** Given records follows **
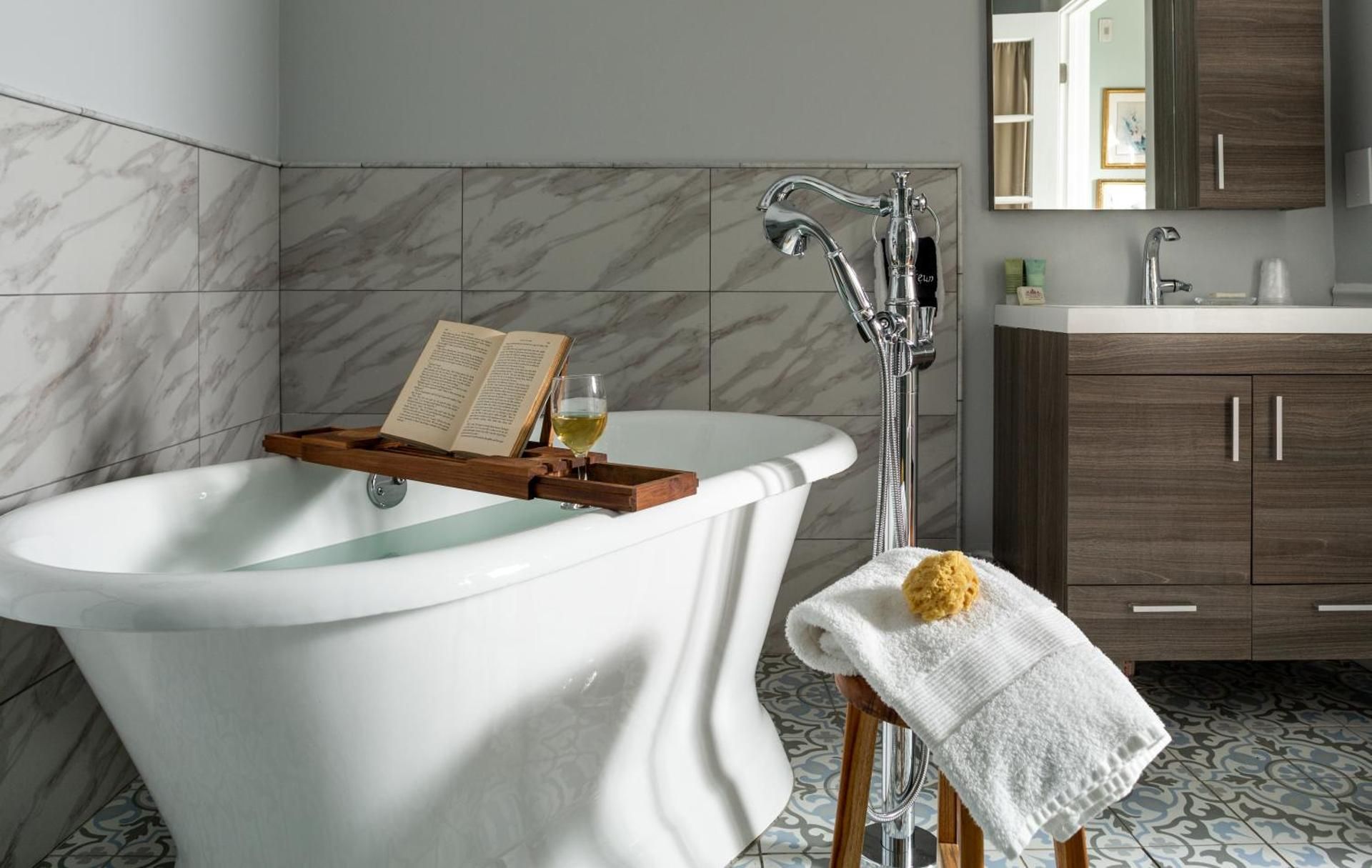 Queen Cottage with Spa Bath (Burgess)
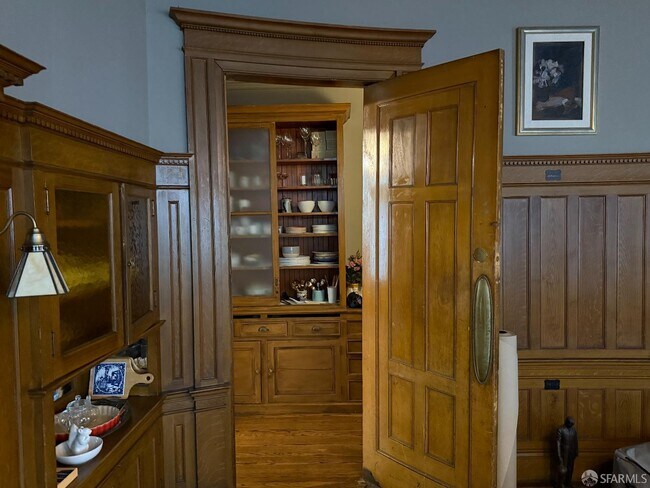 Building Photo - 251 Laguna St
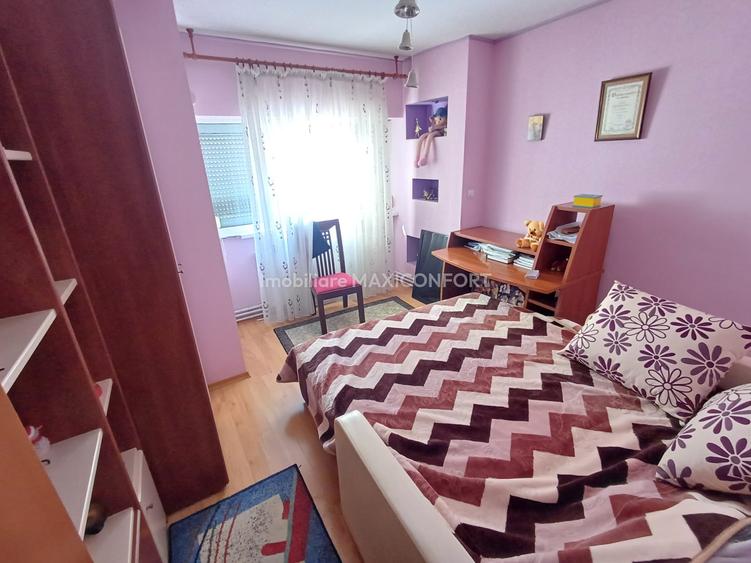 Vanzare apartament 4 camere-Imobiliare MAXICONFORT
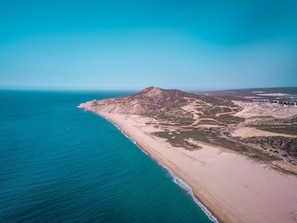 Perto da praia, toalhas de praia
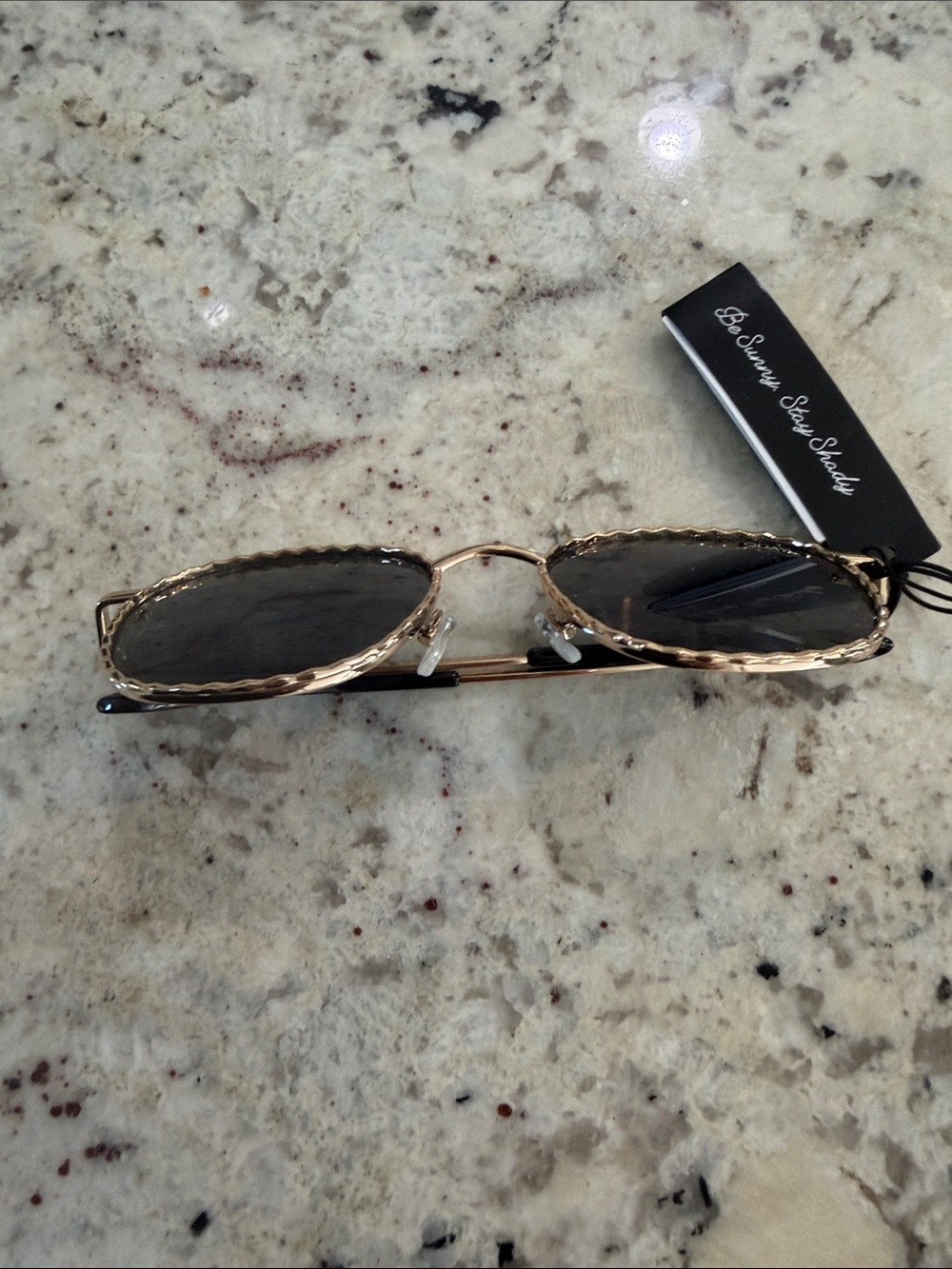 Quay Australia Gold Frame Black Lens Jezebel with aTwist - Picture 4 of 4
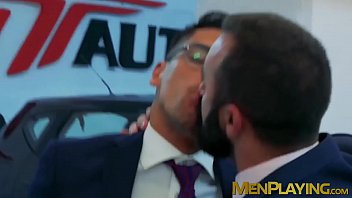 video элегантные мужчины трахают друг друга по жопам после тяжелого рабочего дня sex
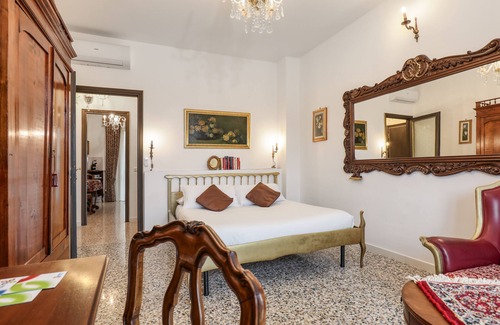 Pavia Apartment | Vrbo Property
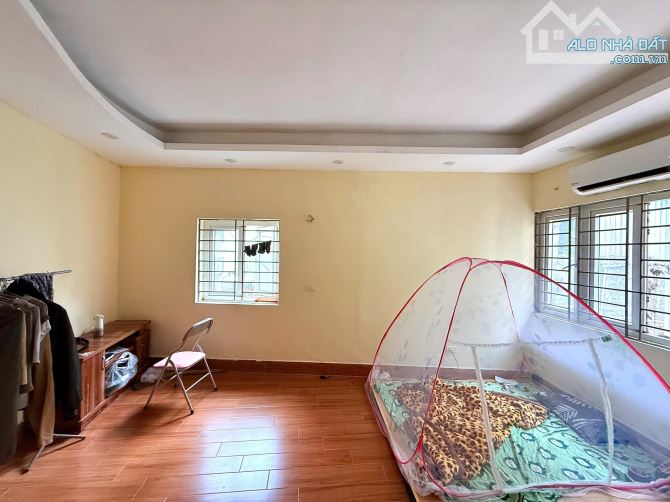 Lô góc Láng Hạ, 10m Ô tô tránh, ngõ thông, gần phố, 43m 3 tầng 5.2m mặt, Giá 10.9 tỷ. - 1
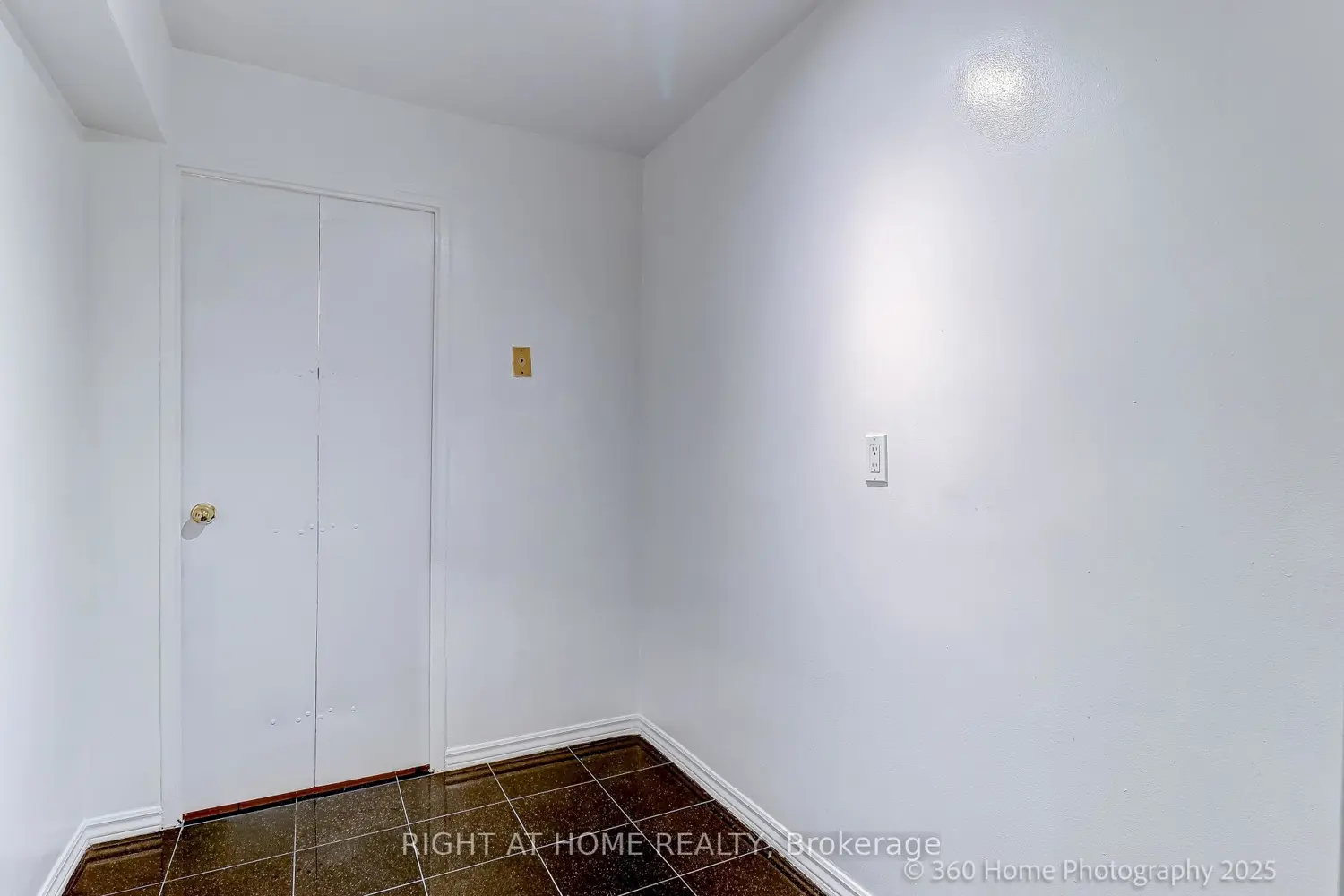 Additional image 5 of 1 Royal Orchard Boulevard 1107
** End of Given records **
Your goal.
Return exactly, with no pictures, each line from the one that contains "Pavia Apartment | Vrbo Property" through the end of the entries above, both ends included.

Reply.
 Pavia Apartment | Vrbo Property
 Lô góc Láng Hạ, 10m Ô tô tránh, ngõ thông, gần phố, 43m 3 tầng 5.2m mặt, Giá 10.9 tỷ. - 1
 Additional image 5 of 1 Royal Orchard Boulevard 1107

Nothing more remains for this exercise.